Data extracts section start
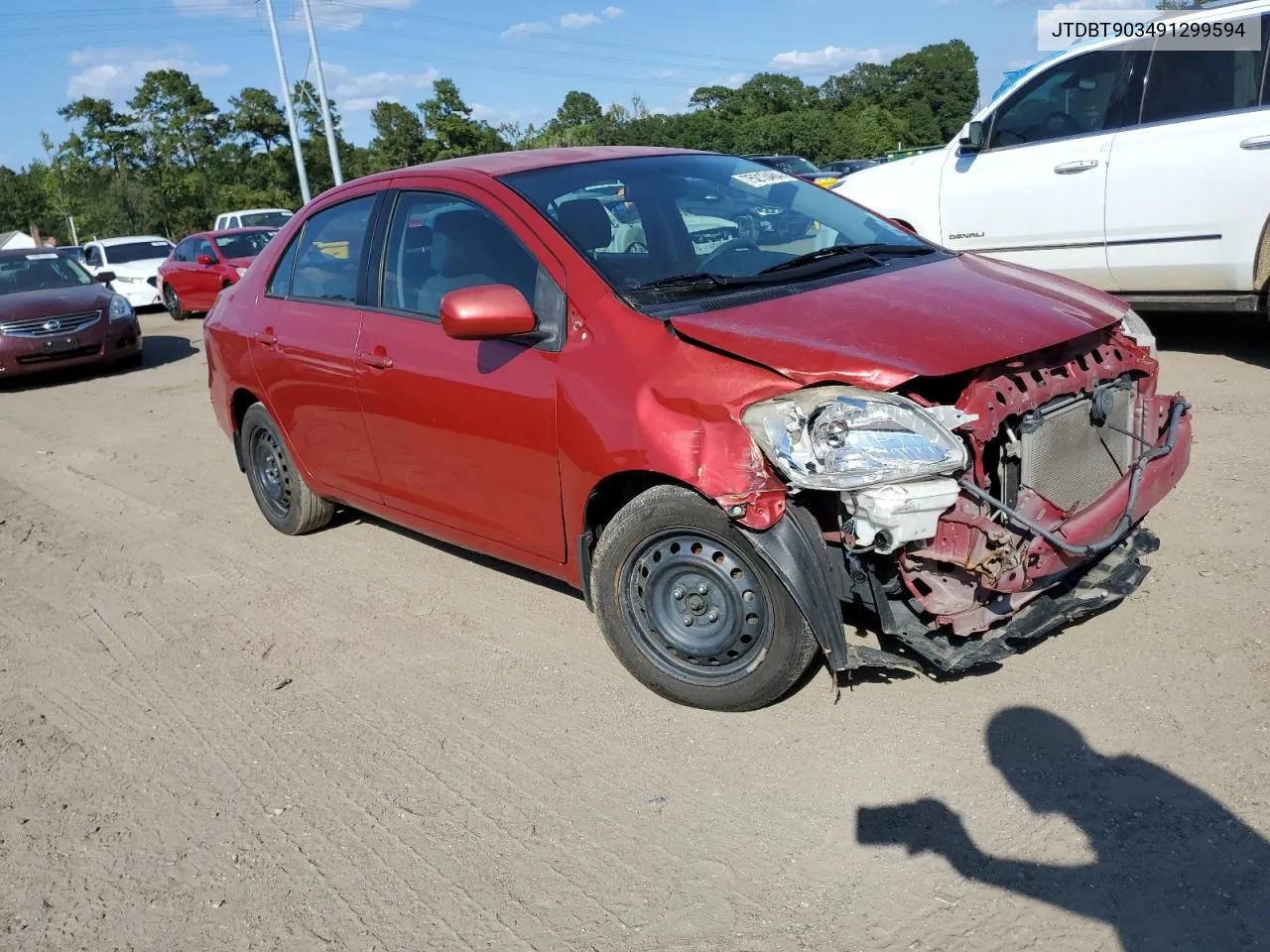 2009 Toyota Yaris VIN: JTDBT903491299594 Lot: 75213484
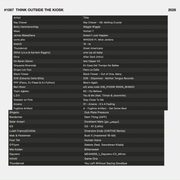 #1087 NEW THUNDERCAT / CORTO.ALTO / PPP / DAYZERO / SHIGETO / SWEATER ON POLO / ARSENE / FOURTET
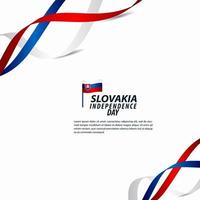 Slovakia Independence Day Celebration Vector Template Design Illustration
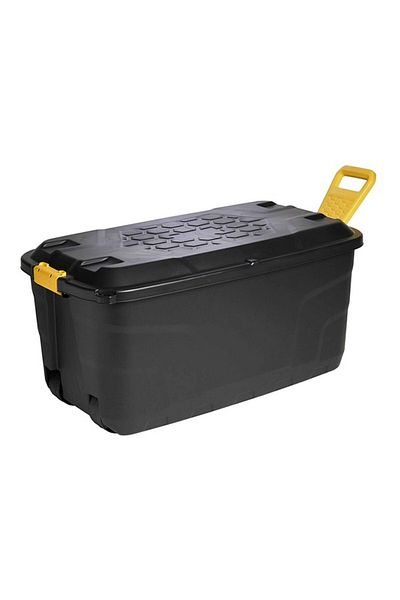 Strata Heavy Duty Wheeled Storage Box with Lid 110 Liter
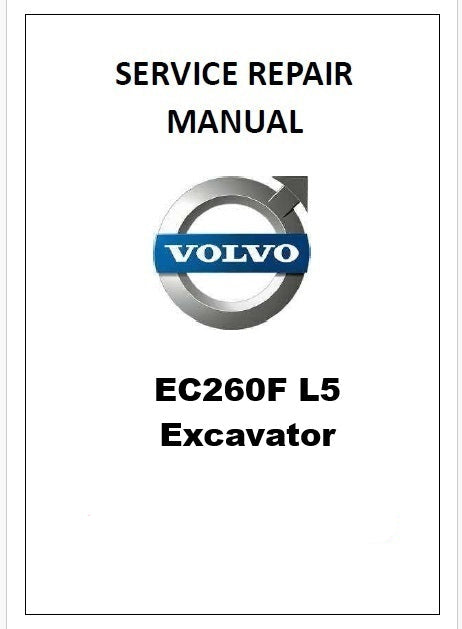 Volvo EC260F L5 Excavator Pdf Repair Service Manual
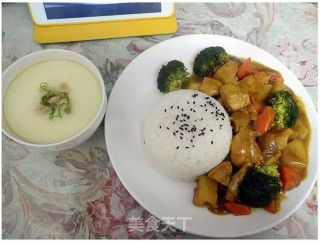 咖喱土豆鸡饭的做法
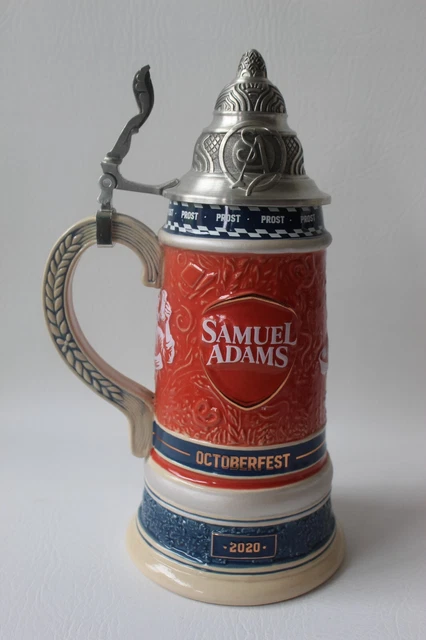Samual Adams OCTOBERFEST 2020 Beer Stein 12-Inch Limited Edition Stoneware Sam Samual Adams OCTOBERFEST 2020 Beer Stein 12-Inch Limited Edition Stoneware Sam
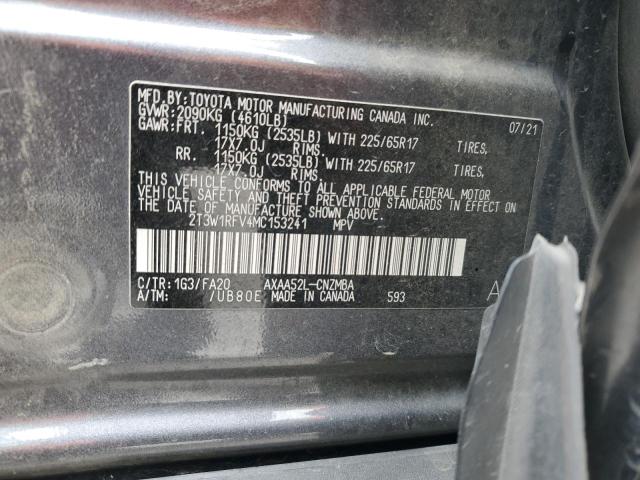 2021 TOYOTA RAV4 XLE - 2T3W1RFV4MC153241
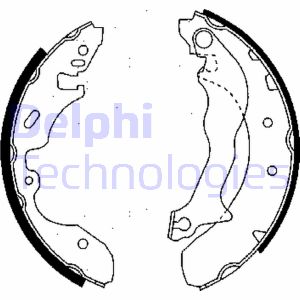 Bremsbackensatz Hinterachse Delphi LS1684 Bremsbackensatz Hinterachse Delphi LS1684 von Delphi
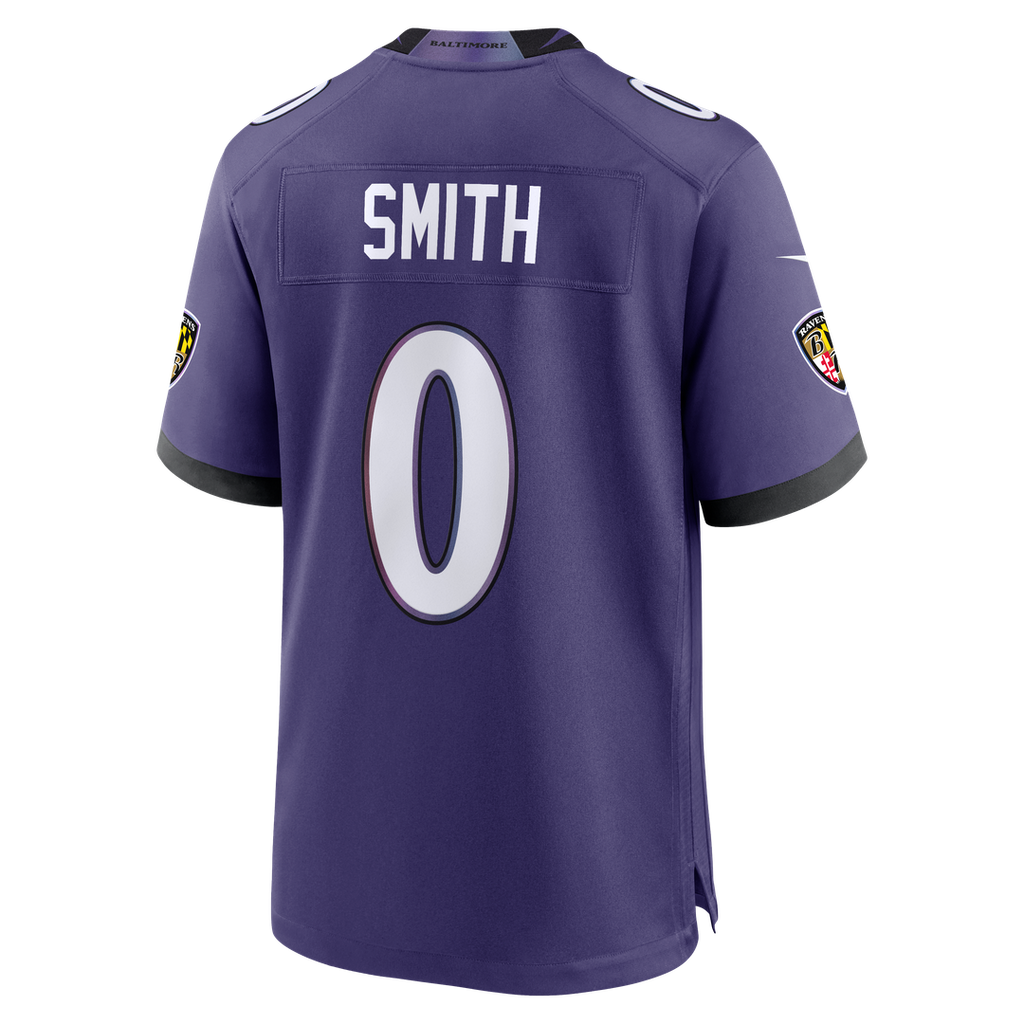 Baltimore Ravens Roquan Smith Nike Team Game Jersey - Purple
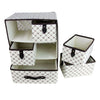 5 Drawers Foldable Storage Boxes with Slid Handle Collapsible Clothes Organiser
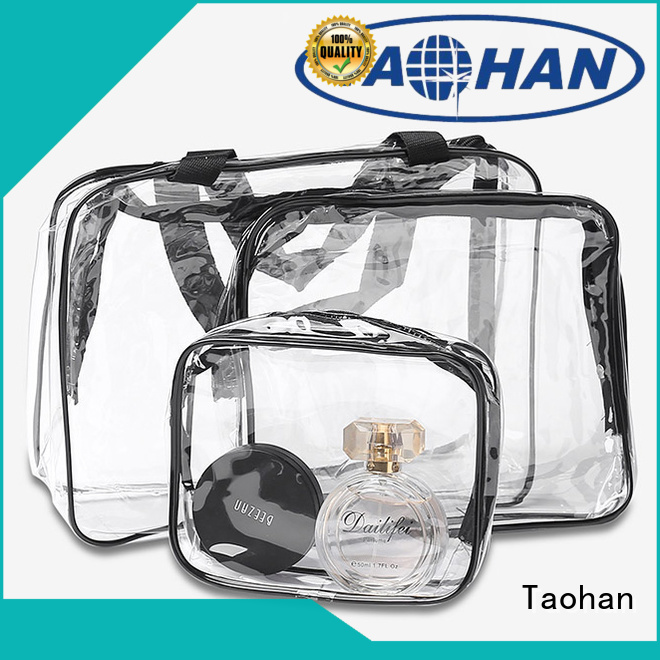 Taohan woolen travel cosmetic bags with good price for woman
Data extracts section end
What you need to do:
Using the records above, reproduce exactly the lines from the line containing "Stoneware Sam Samual" through the last line, with both ends kept and no pictures.

Reply to the exercise:
Samual Adams OCTOBERFEST 2020 Beer Stein 12-Inch Limited Edition Stoneware Sam Samual Adams OCTOBERFEST 2020 Beer Stein 12-Inch Limited Edition Stoneware Sam
 2021 TOYOTA RAV4 XLE - 2T3W1RFV4MC153241
 Bremsbackensatz Hinterachse Delphi LS1684 Bremsbackensatz Hinterachse Delphi LS1684 von Delphi
 Baltimore Ravens Roquan Smith Nike Team Game Jersey - Purple
 5 Drawers Foldable Storage Boxes with Slid Handle Collapsible Clothes Organiser
 Taohan woolen travel cosmetic bags with good price for woman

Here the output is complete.